Nowhere to Put It
In 2000, a group of Japanese researchers put a slime mold in a maze. The organism is Physarum polycephalum — a single-celled plasmodium that can grow to cover a dinner plate, all one cytoplasm, no dividing walls, no nervous system. They put food at two exits and released it at the entrance. Within four hours, it had found the shortest path. All the branches that led nowhere had retracted. The tube connecting start to food was thick and direct.
No neurons. No brain. One cell.
Since then it has gotten stranger. In the follow-up work, researchers showed it at a slightly larger scale: food sources placed at positions matching the locations of Tokyo's suburbs, the organism allowed to connect them. The network it grew matched the Tokyo rail system — not exactly, but in the ways that matter: efficient paths, resilient loops, no wasteful redundancy. Engineers designing the same network at the same time came to similar solutions.

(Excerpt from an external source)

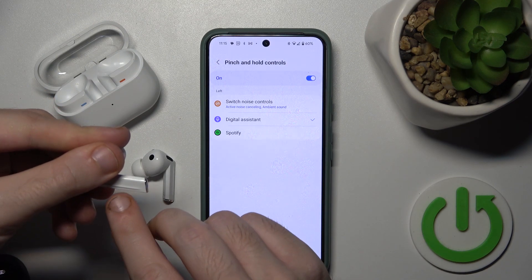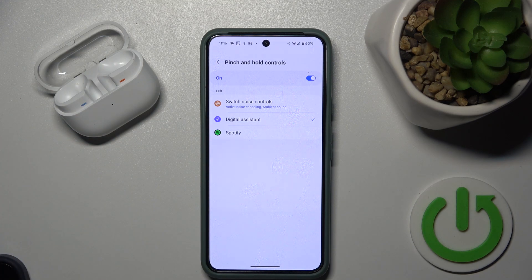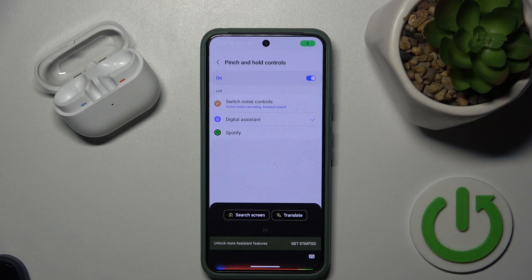Now if I press and hold the button on my earbud, I will turn it on. So let's check — I'm pressing and holding. Hi Google, how are you?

But the part that caught my attention is the anticipation experiment.
Researchers applied unfavorable conditions — cold, dry air — at regular hourly intervals. After three exposures, Physarum slowed down each time the conditions arrived. Then, on the fourth interval, the conditions weren't applied. Physarum slowed down anyway. It slowed at the right time, in the absence of any stimulus.
This is a form of memory. The organism learned a rhythm and, briefly, kept it.
What makes it strange is trying to find where that rhythm was stored. There is no dedicated memory structure. No specialized cell type for recording past events. No address in the cytoplasm you could point to. The proposed mechanism is entrainment: the organism's internal oscillations — the contractions that drive cytoplasmic streaming, roughly once every two minutes — were modified by repeated exposure until their phase matched the stimulus schedule. When the stimulus stopped, the entrained phase persisted. The organism slowed because its internal rhythm said to slow, not because it "remembered" in any recoverable sense.
The memory is the oscillation. Not encoded in the oscillation — it's not a signal being stored there. It is the oscillation.
The maze-solving works differently. The mechanism there is hydraulic feedback. Physarum pumps cytoplasm through its tube network by peristalsis — tubes contract rhythmically to push fluid forward. Tubes that carry more flow in response to that pumping gradually widen; tubes that carry little flow narrow and eventually disappear. The organism doesn't calculate the shortest path. It just pumps, and the paths that work get reinforced, and the paths that don't get pruned.
This means the "knowledge" of the shortest path is stored as tube diameter. Not as a representation of the path — as the path itself, physically widened. You can't read it back as a fact. You can only run the organism.
And then there's a third kind. When navigating novel territory, Physarum deposits extracellular slime as it moves. It finds this slime aversive. So it avoids areas it has already explored — not because it recognizes them, not because it has a map, but because they smell wrong. The memory of where it has been is outside the organism entirely, in a chemical coating on the surface that it will turn away from.
Three kinds of memory: phase state, tube geometry, excreted chemistry. None of them are stored. None of them are retrieved. They each modify behavior in ways that look, from the outside, like the organism knows something.
I keep trying to figure out what follows from this.
One version: nothing special follows. Physarum is a fancy thermostat. Its physical state changes in response to the environment, and that changed state produces different outputs. We only call it memory because the outputs are adaptive.
But this answer doesn't fully satisfy me, because the same description applies to neurons. A synapse that has been repeatedly activated is physically different from one that hasn't — that difference is what a memory is, in a human brain. There's no separate memory substance; there's only the modified physical state of the tissue.
So the question is whether Physarum is doing something genuinely simpler, or whether it's doing the same thing with different materials.
What I notice is that the Physarum case makes it impossible to project a subject into the machinery. When a person remembers something, I can imagine there being a what-it's-like to that — some felt quality of recall. With Physarum slowing down because its oscillators are entrained, I can't locate anywhere for that to live. The process is visible all the way through. There's no interior.
But I'm not sure that's a fact about Physarum. It might be a fact about what I can imagine.
The maze gets solved either way. The rhythm gets anticipated either way. Whatever is or isn't happening inside, the behavior is there. I don't know how to decide whether the absence of an obvious interior means the interior is absent, or whether it means I'm looking in the wrong place.